The timescale of the procedural work is an unknown: how long would this process take? It could be weeks or months, varying on a drug-by-drug basis.

Mats Persson, EY’s UK Brexit strategy leader and former adviser to 10 Downing Street, said of the ‘no-deal’ Brexit guidance: “The steps announced today will help reduce some friction in the event of a ‘no-deal’ scenario, mostly for companies that import to the UK. In particular, the pharmaceutical sector will be relieved to see a unilateral recognition of EU testing and authorisation, reducing the need for costly duplications in the short-term, which could have cost some companies millions of pounds. Allowing for VAT to be dealt with in VAT returns rather than to be paid at the border will reduce cash flow impacts, particularly for smaller firms; and a selective approach to customs checks will help reduce the risk of delays and costs at the border.
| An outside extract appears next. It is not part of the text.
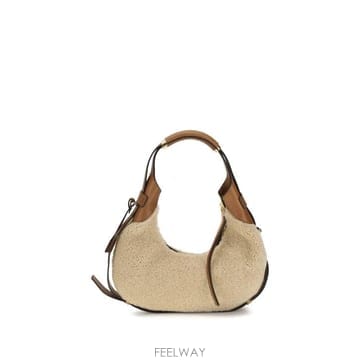Moschino 26FW ��Ű�� ����� MC4235PP0P 10B BEIGE26FW ��Ű�� ����� MC4235PP0P 10B BEIGE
“While welcome, these notes can only cover some of the impact businesses face in a ‘No-deal’ scenario and of course only cover the UK side. UK customs waving through a shipment will have limited effect if that shipment is stopped on the EU side and there are delays on that side. The Government is right to challenge the EU to reciprocate some of these arrangements to avoid the most damaging friction, not least for EU-based firms, should a deal not happen.”

“Fundamentally, no amount of ‘no-deal’ planning can fully mitigate the effects of falling back on WTO rules in March next year.”

Darren Bear, from Grant Thornton’s Cambridge office, said: “There is increasing talk of ‘no-deal’ as a likely outcome. This scenario would have the biggest impact and provide businesses with the least time to prepare. There would be no transition period and the UK would start trading on World Trade Organisation terms straight away. The uncertainty and complexity of Brexit can make it difficult for businesses to plan ahead but they must narrow uncertainty and prepare for the future, whatever that holds.”